In Britain cod or haddock has been the fish of choice when making a good fish and chip, but New Zealanders tend to use shark, hoki, and tarakihi because these varieties are plentiful off of coastal waters and are dense enough to stand up to the deep frying well. Traditionally lard was used for frying both the fish and chips but these days more and more professional kitchens use vegetable oils with a very high smoke point, such as peanut oil. The chips are always cut thick and seasoned with salt as soon as they come out of the fryer.

The most talked about and hotly debated aspect of making a proper fish and chip plate seems to be the batter the fish is fried in. Purists insist that the batter should just be a bit of flour and water, with the addition of vinegar and baking soda, which act as agents creating bubbles in the batter which supposedly leads to a lighter and crispier piece of fish. More modern recipes use beer instead of water, and proponents of adding beer to the batter claim that the carbon dioxide adds to the lightness and crispiness when frying, as well as enhancing the color of the finished product.

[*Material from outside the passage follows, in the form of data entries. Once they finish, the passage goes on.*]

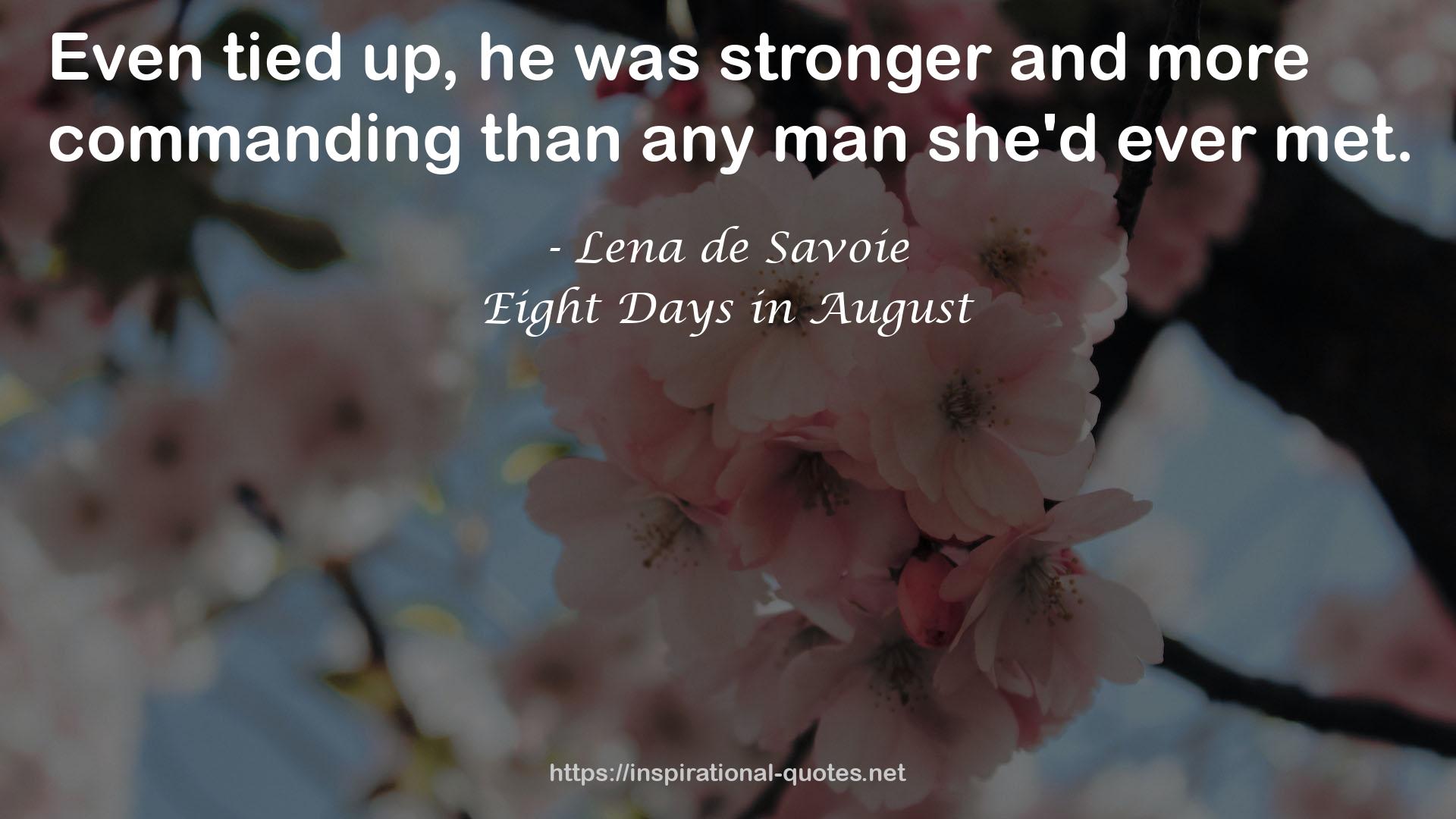 Eight Days in August QUOTES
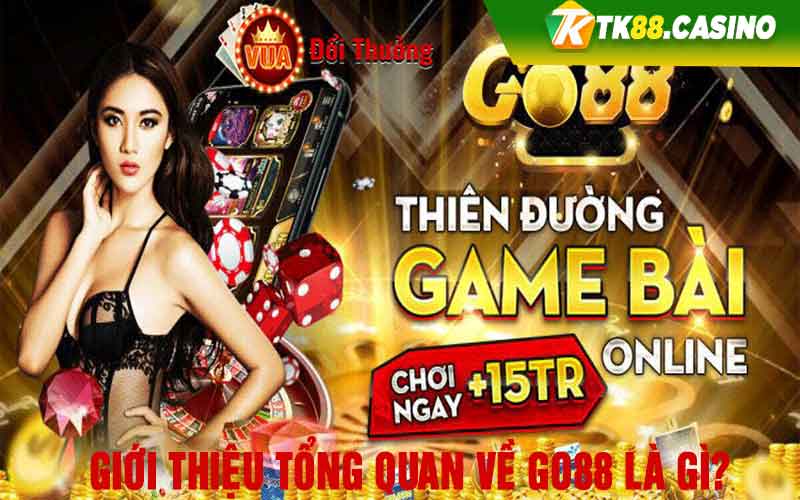 Giới thiệu tổng quan về Go88 là gì? 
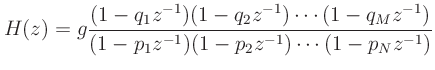 $\displaystyle H(z) = g\frac{(1-q_1z^{-1})(1-q_2z^{-1})\cdots(1-q_Mz^{-1})}
{(1-p_1z^{-1})(1-p_2z^{-1})\cdots(1-p_Nz^{-1})}
$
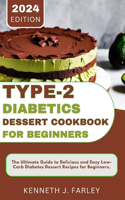 Type-2 Diabetic Dessert Cookbook for Beginners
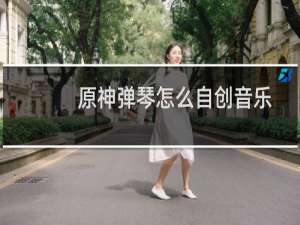 原神弹琴怎么自创音乐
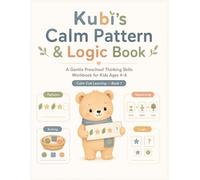 Kubi’s Calm Pattern & Logic Book: A Gentle Preschool Thinking Skills Workbook for Kids Ages 4-6 - Patterns, Matching, Sorting, Sequencing & Beginner Logic Activities with Kubi the Calm Bear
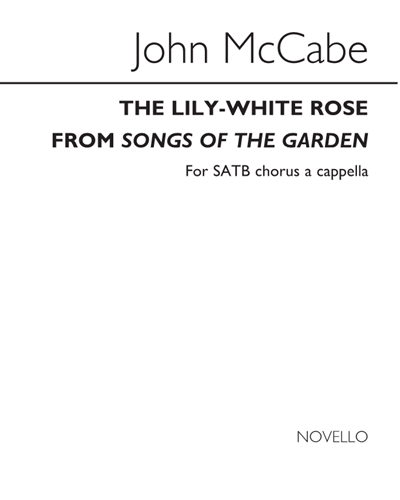 The Lily-White Rose (from "Songs of the Garden")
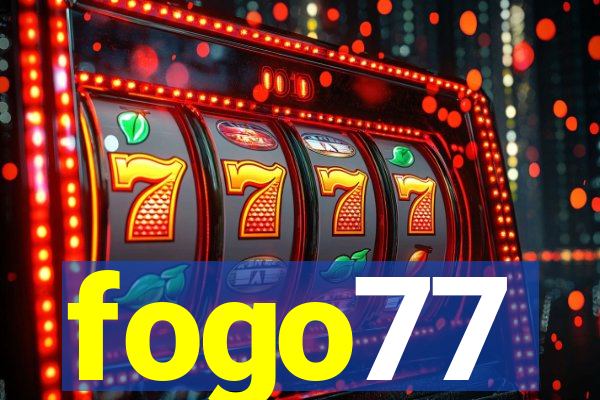 fogo77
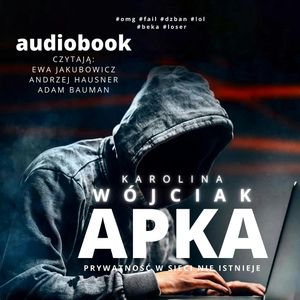 Apka, Karolina Wójciak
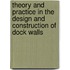 Theory And Practice In The Design And Construction Of Dock Walls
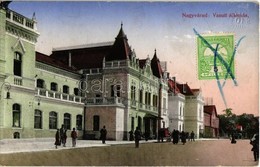 T2 1914 Nagyvárad, Oradea; Vasútállomás / Railway Station. TCV Card - Zonder Classificatie
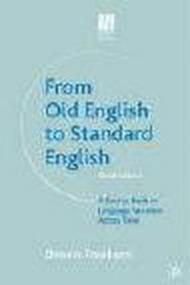 FROM OLD ENGLISH TO STANDARD ENGLISH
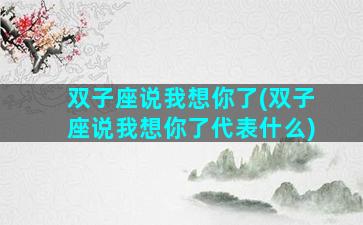 双子座说我想你了(双子座说我想你了代表什么)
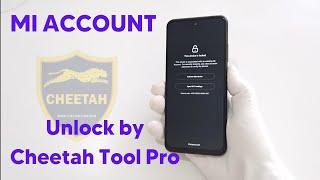 Xiaomi Mi Account Remove 2024 Mi Account Unlock by Cheetah Tool Pro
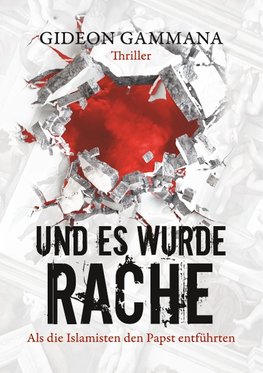 Und es wurde Rache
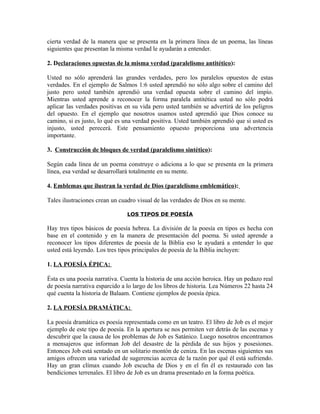 cierta verdad de la manera que se presenta en la primera línea de un poema, las líneas
siguientes que presentan la misma verdad le ayudarán a entender.

2. Declaraciones opuestas de la misma verdad (paralelismo antitético):

Usted no sólo aprenderá las grandes verdades, pero los paralelos opuestos de estas
verdades. En el ejemplo de Salmos 1:6 usted aprendió no sólo algo sobre el camino del
justo pero usted también aprendió una verdad opuesta sobre el camino del impío.
Mientras usted aprende a reconocer la forma paralela antitética usted no sólo podrá
aplicar las verdades positivas en su vida pero usted también se advertirá de los peligros
del opuesto. En el ejemplo que nosotros usamos usted aprendió que Dios conoce su
camino, si es justo, lo qué es una verdad positiva. Usted también aprendió que si usted es
injusto, usted perecerá. Este pensamiento opuesto proporciona una advertencia
importante.

3. Construcción de bloques de verdad (paralelismo sintético):

Según cada línea de un poema construye o adiciona a lo que se presenta en la primera
línea, esa verdad se desarrollará totalmente en su mente.

4. Emblemas que ilustran la verdad de Dios (paralelismo emblemático):

Tales ilustraciones crean un cuadro visual de las verdades de Dios en su mente.

                                LOS TIPOS DE POESÍA

Hay tres tipos básicos de poesía hebrea. La división de la poesía en tipos es hecha con
base en el contenido y en la manera de presentación del poema. Si usted aprende a
reconocer los tipos diferentes de poesía de la Biblia eso le ayudará a entender lo que
usted está leyendo. Los tres tipos principales de poesía de la Biblia incluyen:

1. LA POESÍA ÉPICA:

Ésta es una poesía narrativa. Cuenta la historia de una acción heroica. Hay un pedazo real
de poesía narrativa esparcido a lo largo de los libros de historia. Lea Números 22 hasta 24
qué cuenta la historia de Balaam. Contiene ejemplos de poesía épica.

2. LA POESÍA DRAMÁTICA:

La poesía dramática es poesía representada como en un teatro. El libro de Job es el mejor
ejemplo de este tipo de poesía. En la apertura se nos permiten ver detrás de las escenas y
descubrir que la causa de los problemas de Job es Satánico. Luego nosotros encontramos
a mensajeros que informan Job del desastre de la pérdida de sus hijos y posesiones.
Entonces Job está sentado en un solitario montón de ceniza. En las escenas siguientes sus
amigos ofrecen una variedad de sugerencias acerca de la razón por qué él está sufriendo.
Hay un gran clímax cuando Job escucha de Dios y en el fin él es restaurado con las
bendiciones terrenales. El libro de Job es un drama presentado en la forma poética.
 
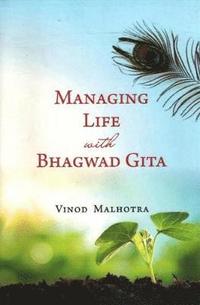 bokomslag Managing Life with Bhagwad Gita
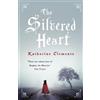 Katherine Clements The Silvered Heart (Tascabile)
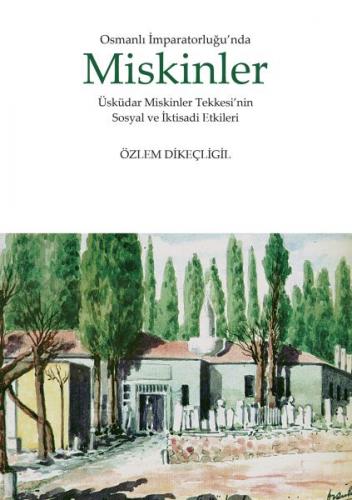 Osmanlı İmparatorluğu'nda Miskinler - Özlem Dikeçligil - Kitabevi Yayı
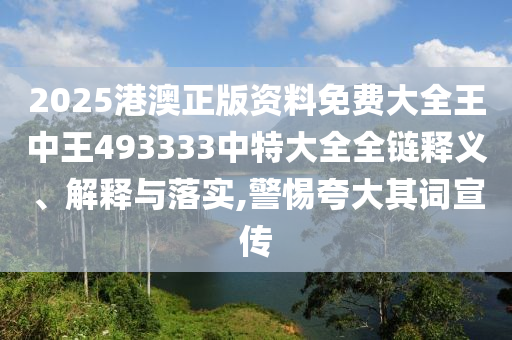 2025港澳正版资料免费大全王中王493333中特大全全链释义、解释与落实,警惕夸大其词宣传
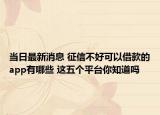 当日最新消息 征信不好可以借款的app有哪些 这五个平台你知道吗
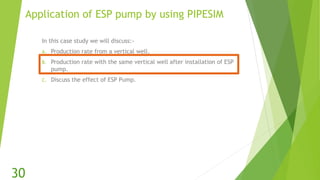 Application of ESP pump by using PIPESIM
In this case study we will discuss:-
A. Production rate from a vertical well.
B. Production rate with the same vertical well after installation of ESP
pump.
C. Discuss the effect of ESP Pump.
30
 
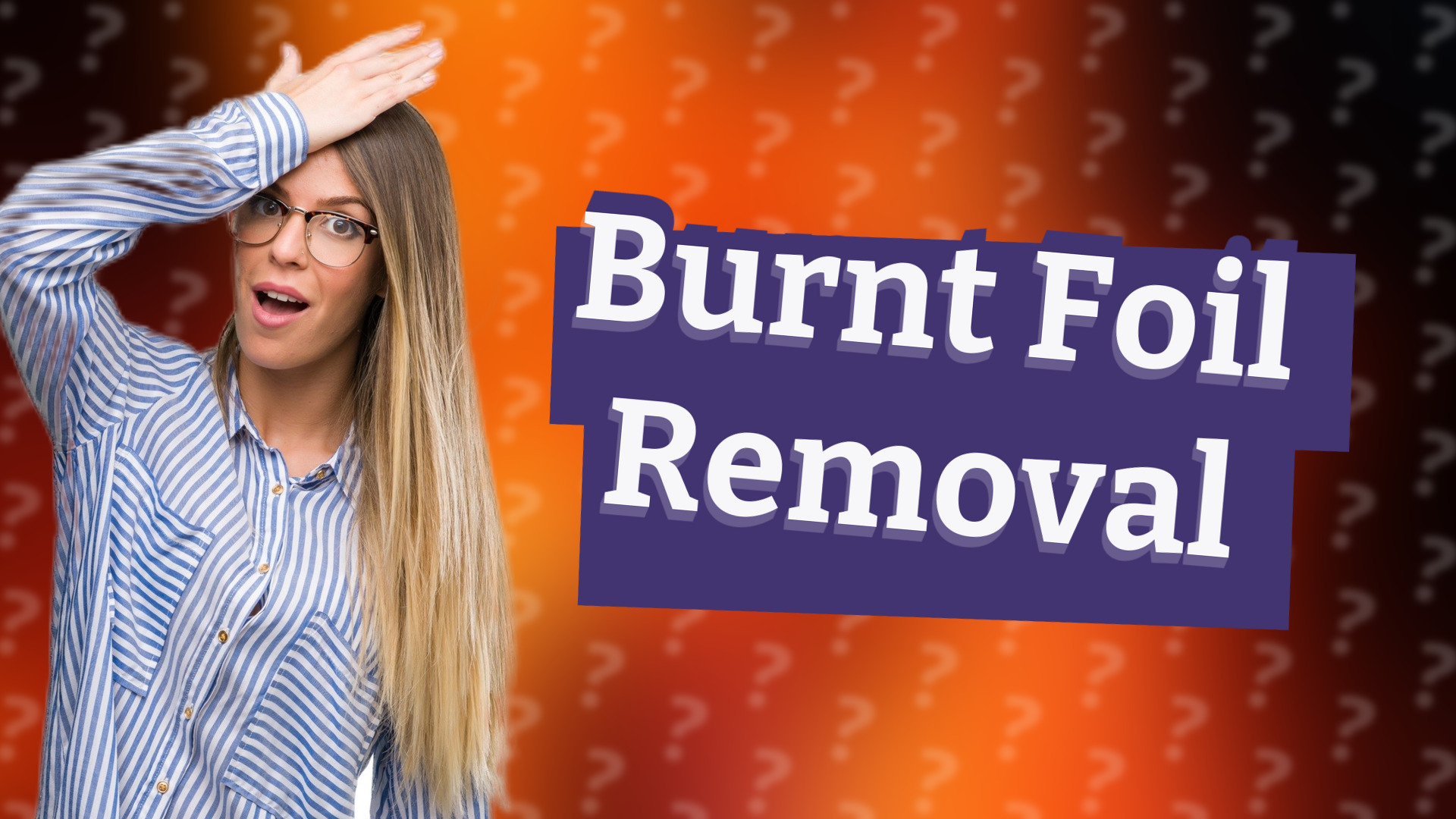 Burnt Foil Removal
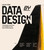 Data by Design (Visualization and Power from Abolition to the Dawn of Data Science) by Lauren F. Klein, Tanvi Sharma, Jay Varner, Nicholas Yang, Dan Jutan, 9780262056182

There are so many great restaurants to get fish and chips at across the country, that it is hard to pick just one place. Seafood Plus in Miramar is a place I recently discovered and their fish and chips are spot on. The fish here is perfectly crisp on the outside and moist on the inside. Both the hand-cut chips and fish are perfectly seasoned and the portion size is large. This place is quite unique because it offers a very extensive menu which combines seafood, Chinese, and hamburgers. Although I almost always get the fish and chips when I come here, I have also tried their roast pork bun and genuine paua fritter and both were very well prepared. Seafood Plus does not do delivery, but luckily they offer pick-up if you are in a rush.

Fish and chips are a classic flavor combination just like ham and eggs or beer and nuts. This dish is simple and convenient when on the go. Every place has a slightly different take on it, and every region of the world uses various species of fish depending on seasonality and availability. Here in New Zealand we are fortunate that we have so much variety and abundance in our waters, which inevitably leads to a wonderful plate of fish and chips.